Safely ensconced in my Prius, a felt a wave of righteousness sweep over me as I thought of the emissions scandals.  And then, in the blink of an eye, I caught myself and thought "where the hell did that come from?" and backed off a little.

Whither Chapel Hill?

I don't necessarily make it to uptown Chapel Hill and Carrboro every week, so on those occasions that I make it to the 10 am Sunday morning AA meeting I like, I wend my way home by driving through town, even though I could use the bypass. I like in particular keeping track of the major construction projects, so that there impression on me will be gradual, instead of driving up there one day and being like "WTF, there's a 6-story building now."

In principle, I am all for developing upwards and increased density. It should bring more and better jobs, more urban intensity. It is kind of working. The other day I learned that both Google and Tibco have development teams located in the building which until recently housed Aveda, across from the University Square redevelopment. Those are good jobs to have downtown.

However, all this construction of new buildings is also just pushing up rents and driving out the kind of businesses that have historically given Chapel Hill-Carrboro character and made it an interesting place to be. Nice Price books is gone. Just today I saw a relatively newly vacant space on Main Street in Carrboro, where photographer Jesse Kalisher had his space (no big loss, really. His work wasn't that interesting, he was reputed to be an egotist). I fear in particular the day when the Bookshop on Franklin Street gets pushed out. That place is the birthplace of my soul.

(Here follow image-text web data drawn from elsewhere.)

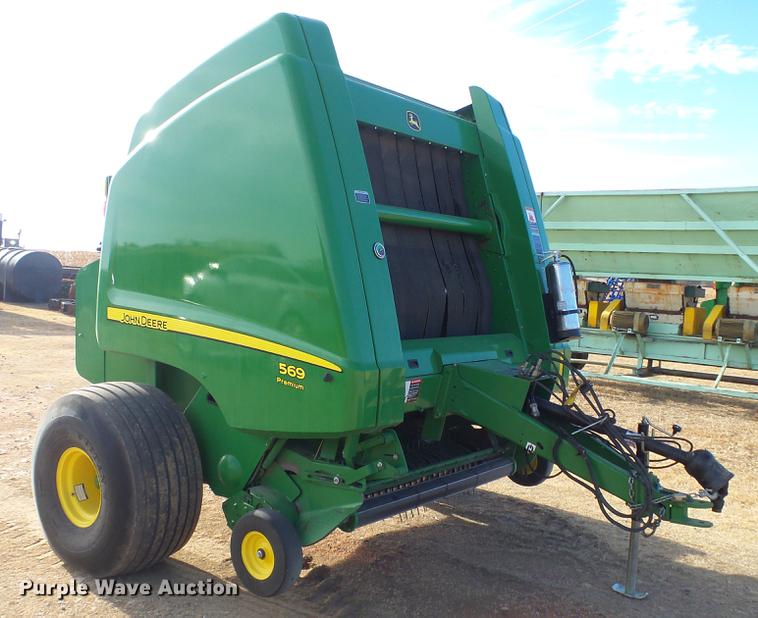 image for item DC2368 2013 John Deere 569 Premium round baler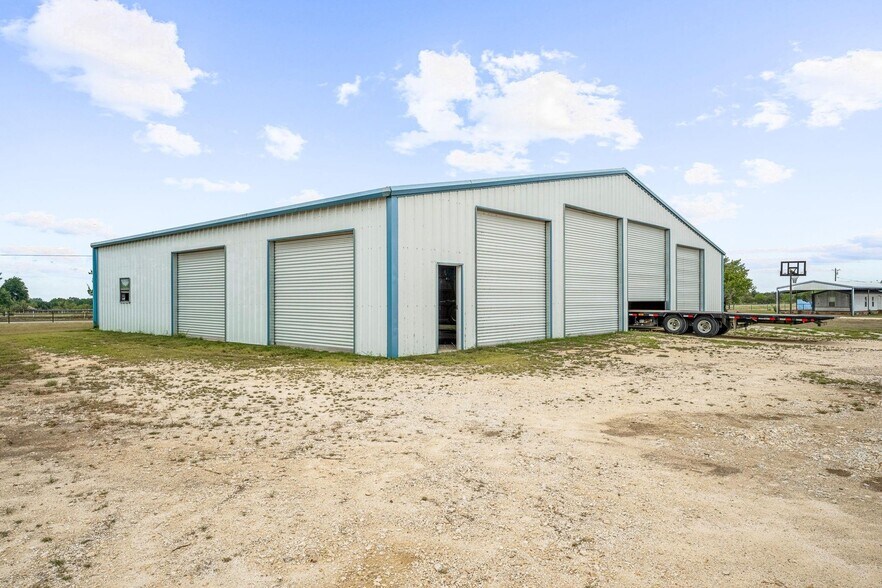 More Photos Of 7517 Us Highway 67, Stephenville Light Distribution For Sale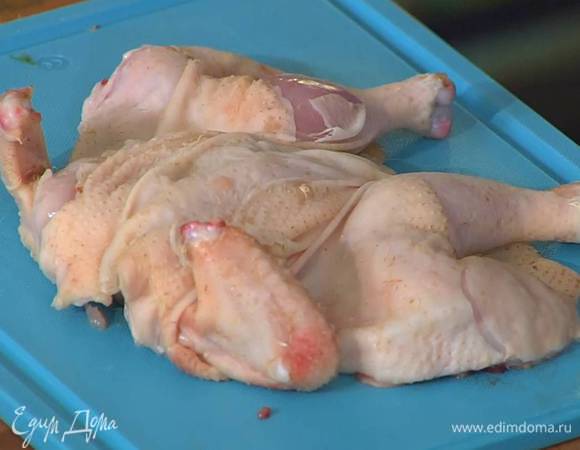 Из тушки цыпленка вырезать хребет, распластать ее на рабочей поверхности кожей вверх и отбить тыльной стороной ладони.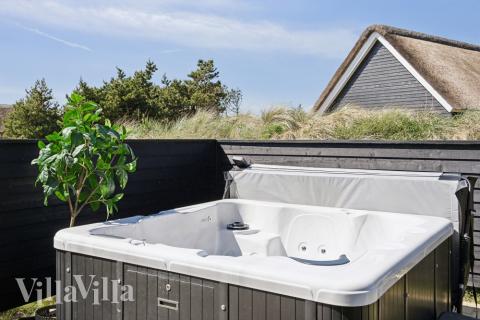 Genießen Sie den warmen Whirlpool im Luxusferienhaus Nr. 518 in Westjütland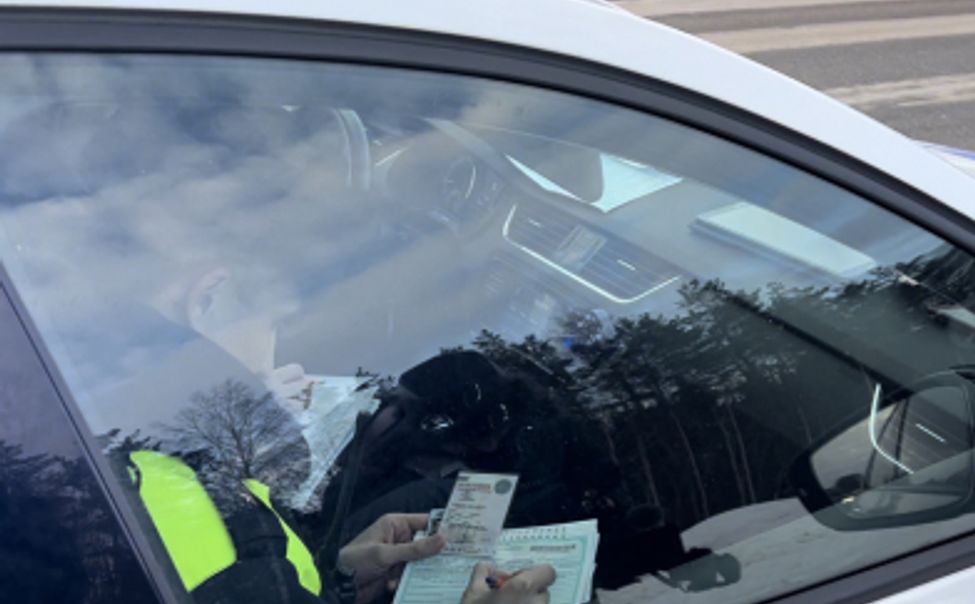 В Чувашии сотрудники ГИБДД проводят скрытое автопатрулирование на дорогах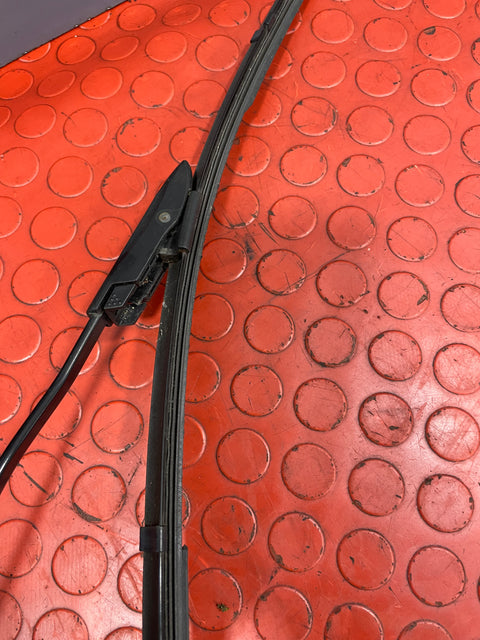 Peugeot Expert/Citroen Dispatch/Vauxhall Vivaro/Toyota Proace/Fiat Scudo WINDSCREEN WIPER ARM Passenger's Side 2016-2023 P/N 9808465780 - 1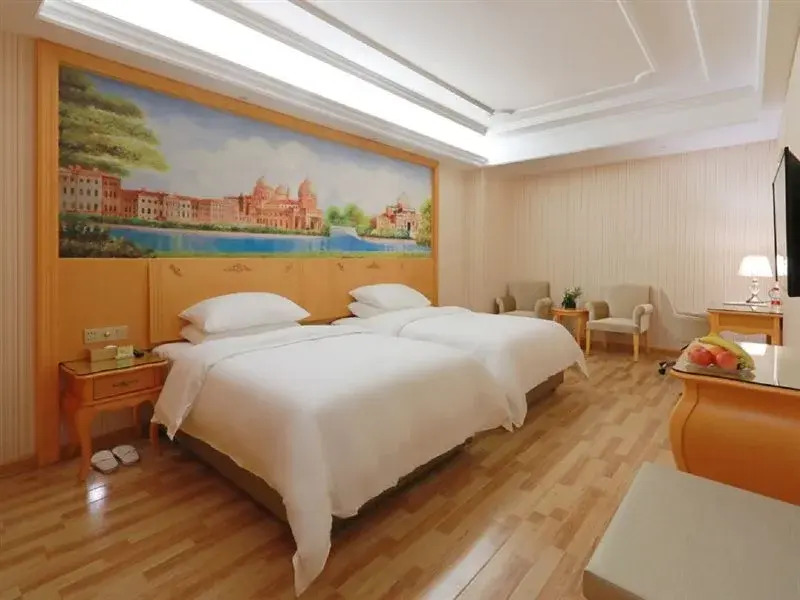 Vienna International Hotel (Fuzhou South Railway Station, Lulei Metro Station)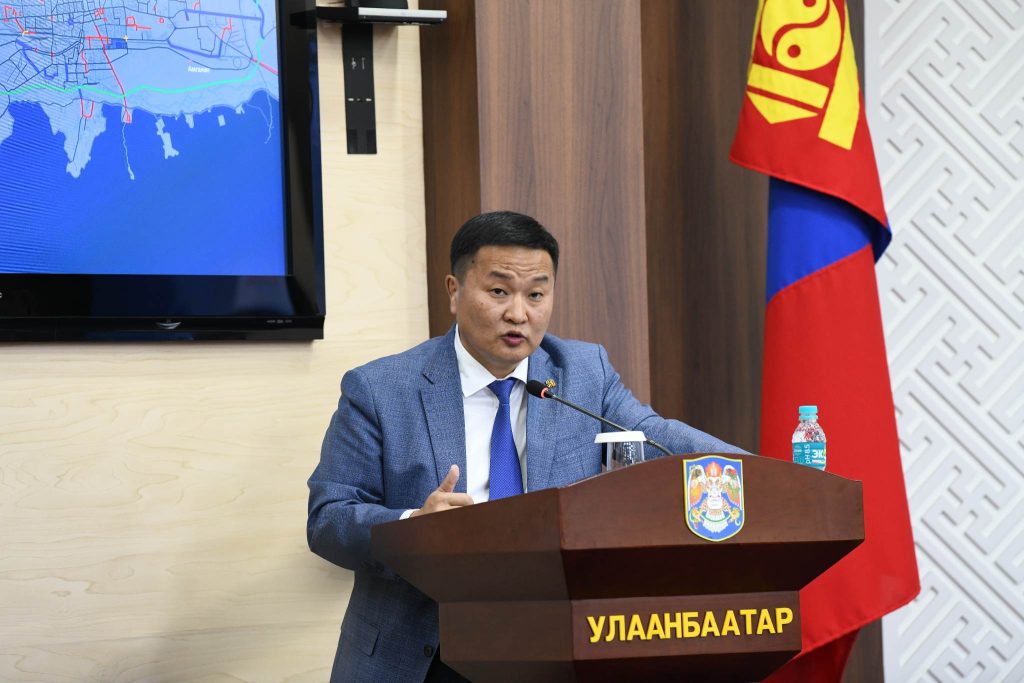 Нийслэлд нийт 11 байршилд 16.45 км авто зам, 963.7 метр урт гүүр барина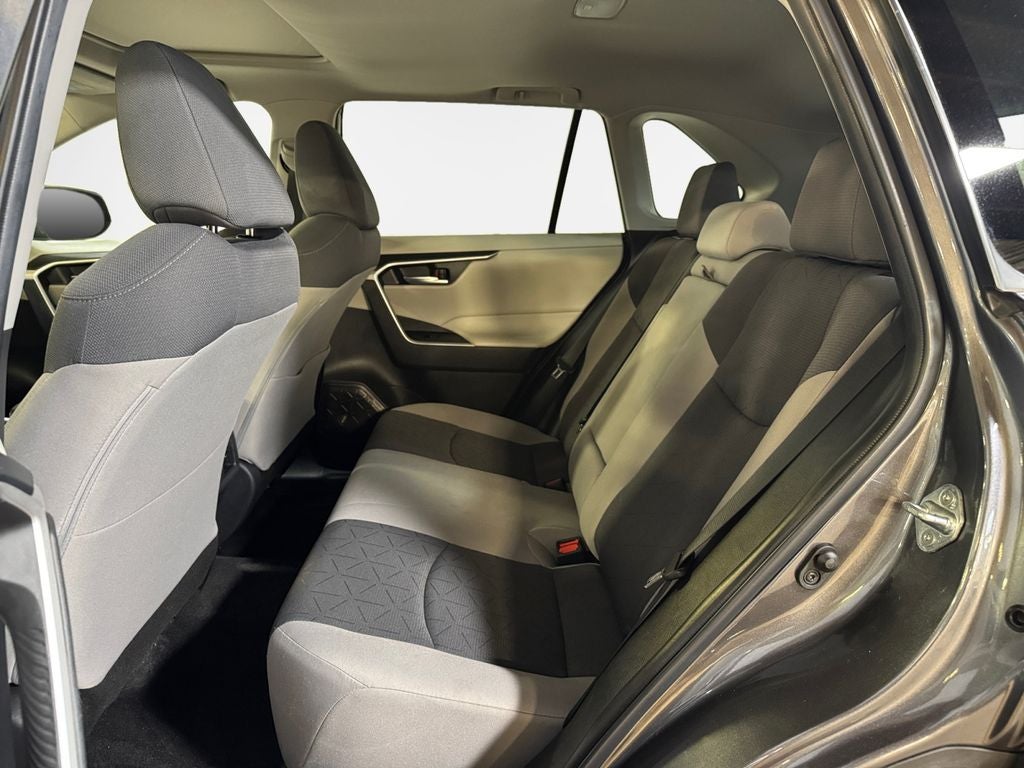 2023 Toyota RAV4 XLE MOON RF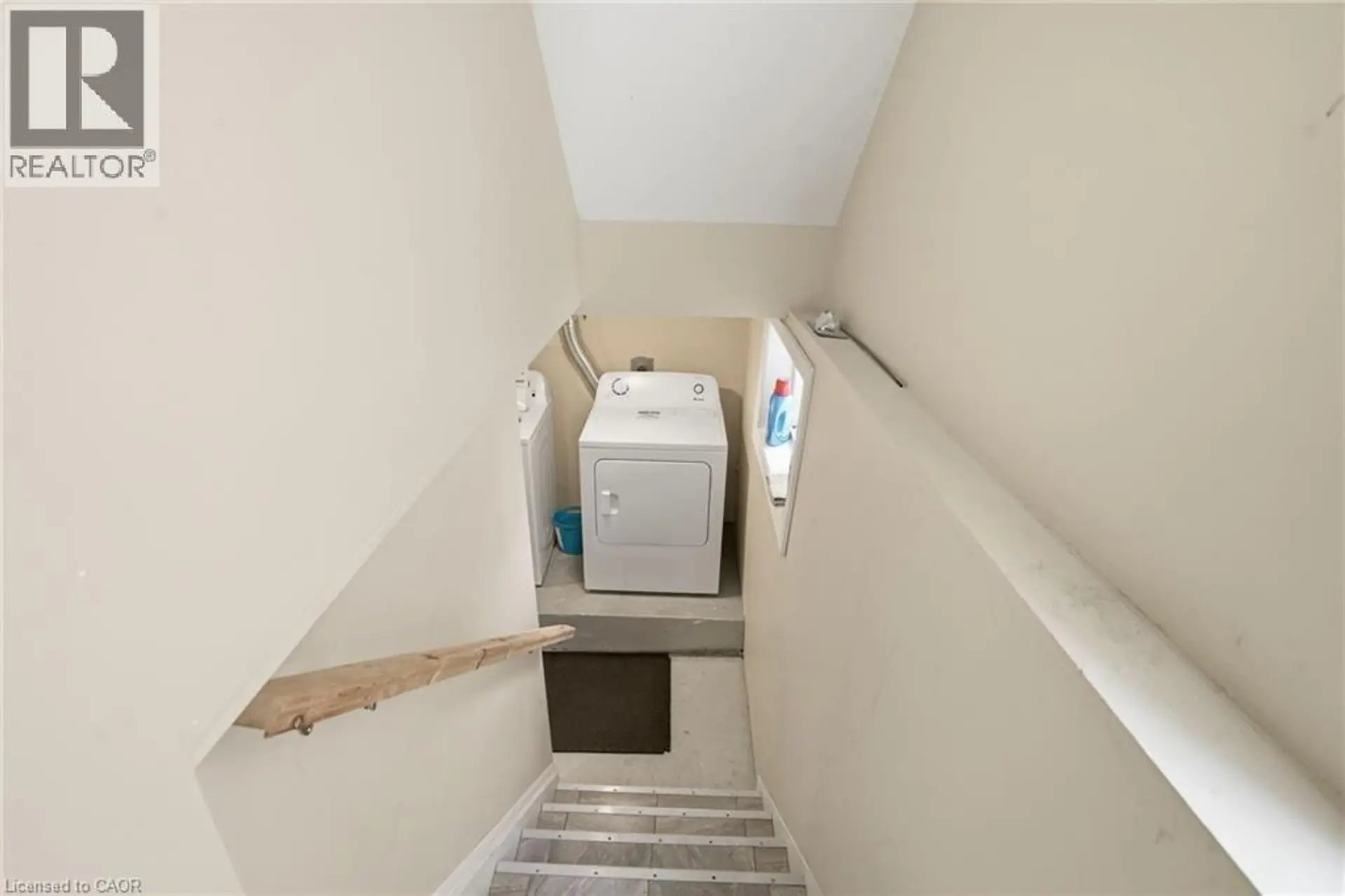 436 MCALPINE AVENUE N - Image 14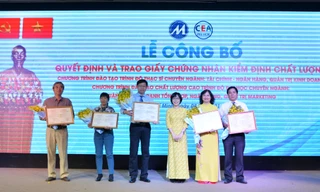 Đại diện các khoa, chương trình đào tạo nhận giấy chứng nhận đạt kiểm định chất lượng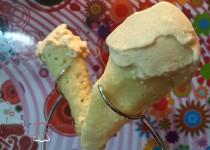 #helado de AOVE, queso y mostaza en cucurucho de queso manchego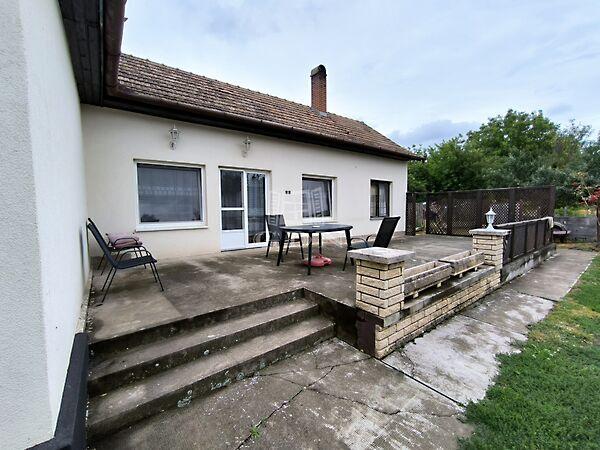 Aszfaltos út, Szirák 3. képe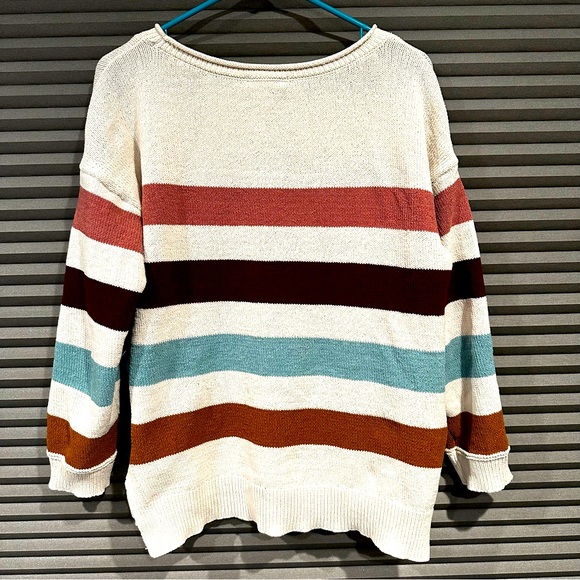 Maurices Sweater - Size L - Picture 3 of 4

So I'm seeing lots of retail vacancies already up on Franklin Street. In addition to the empty holes where restaurants should be down near us. This suggests that retail space is being overpriced in generally, and that more and more expensive retail space isn't going to do anybody any good.

It will need to be fancy eateries. But those are coming and going pretty quickly too.

Here are three thoughts

  1. The rarefication of Chapel Hill proceeds apace. The more metrosexual and cosmopolitan it becomes, the more it loses its soul and becomes kind of insufferable.
  2. The problem of excess retail space is secularly connected to the rise of Amazon. One local merchant, a jeweller, said to me not long ago that he was sanguine on the prospects for retail in general in America.
  3. Eventually the price of retail space may have to drop and be subsidized by office and residential tenants.